October Books
Nov. 6th, 2015 11:12 am
Fall of a Philanderer, Carola Dunn
Gunpowder Plot, Carola Dunn
The Bloody Tower, Carola Dunn
The Black Ship, Carola Dunn
Sheer Folly, Carola Dunn
The Brontë Plot, Katherine Reay
Cold Comfort Farm, Stella Gibbons
Anthem for Doomed Youth, Carola Dunn
A Youthful Indiscretion, Elizabeth Edmondson
US, David Nicholls
Gone West, Carola Dunn
Finding Philippe: Lost in France, Elizabeth Edmondson
As you see, I finished my re-read of all the Daisy Dalrymple books, apart from the last two, which I don’t have. They never let me down.
I re-read Cold Comfort Farm because
I loved US by David Nicholls and put three other books on hold while I read it. The narrator is still madly in love with his wife Connie. Then she suddenly announces that she’s not happy and will move out when their son Albie leaves home.

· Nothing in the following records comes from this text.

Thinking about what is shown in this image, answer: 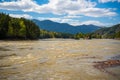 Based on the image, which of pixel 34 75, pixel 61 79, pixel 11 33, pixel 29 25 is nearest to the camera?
pixel 61 79

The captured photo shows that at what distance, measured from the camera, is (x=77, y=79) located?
2333 cm

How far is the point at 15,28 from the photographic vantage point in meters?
137

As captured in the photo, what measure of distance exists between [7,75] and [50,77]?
4864 millimetres

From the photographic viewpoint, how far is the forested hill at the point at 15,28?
421ft

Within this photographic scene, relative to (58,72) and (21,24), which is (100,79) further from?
(21,24)

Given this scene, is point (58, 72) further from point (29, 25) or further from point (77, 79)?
point (29, 25)

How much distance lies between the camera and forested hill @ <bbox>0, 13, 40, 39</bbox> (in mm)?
128275

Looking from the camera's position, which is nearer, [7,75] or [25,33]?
[7,75]

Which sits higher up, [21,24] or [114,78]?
[21,24]

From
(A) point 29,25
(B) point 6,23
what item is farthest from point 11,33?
(A) point 29,25

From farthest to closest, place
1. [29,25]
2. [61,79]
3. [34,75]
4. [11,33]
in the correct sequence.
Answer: [29,25]
[11,33]
[34,75]
[61,79]

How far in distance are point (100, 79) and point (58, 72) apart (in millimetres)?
5851

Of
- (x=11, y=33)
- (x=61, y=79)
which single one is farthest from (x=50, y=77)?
(x=11, y=33)

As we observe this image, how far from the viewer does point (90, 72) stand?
27266mm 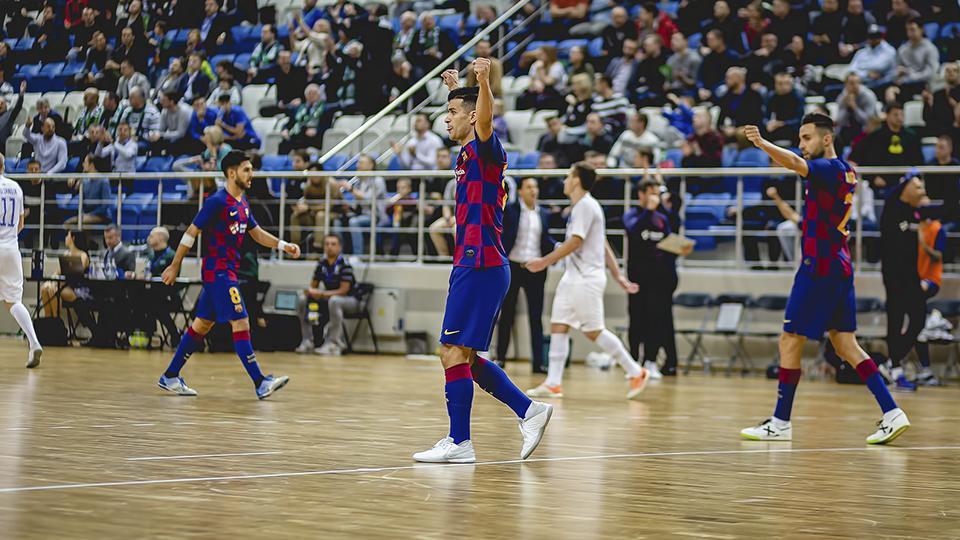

Douglas loves his son but can’t understand him. He plans a Grand Tour of Europe which he hopes will mend his marriage and prove educational, in an eighteenth century way, for Albie. The trouble is that the three of them rarely want to do the same things. All my sympathy is with the narrator; I found it hard to like Connie. The book is described as both sad and funny. This sentence demonstrates the truth of that: ‘While there was breath in my body, she would never lack sufficient AA batteries.’ It’s funny, yet I thought it the saddest line in the book. Poignant, or what?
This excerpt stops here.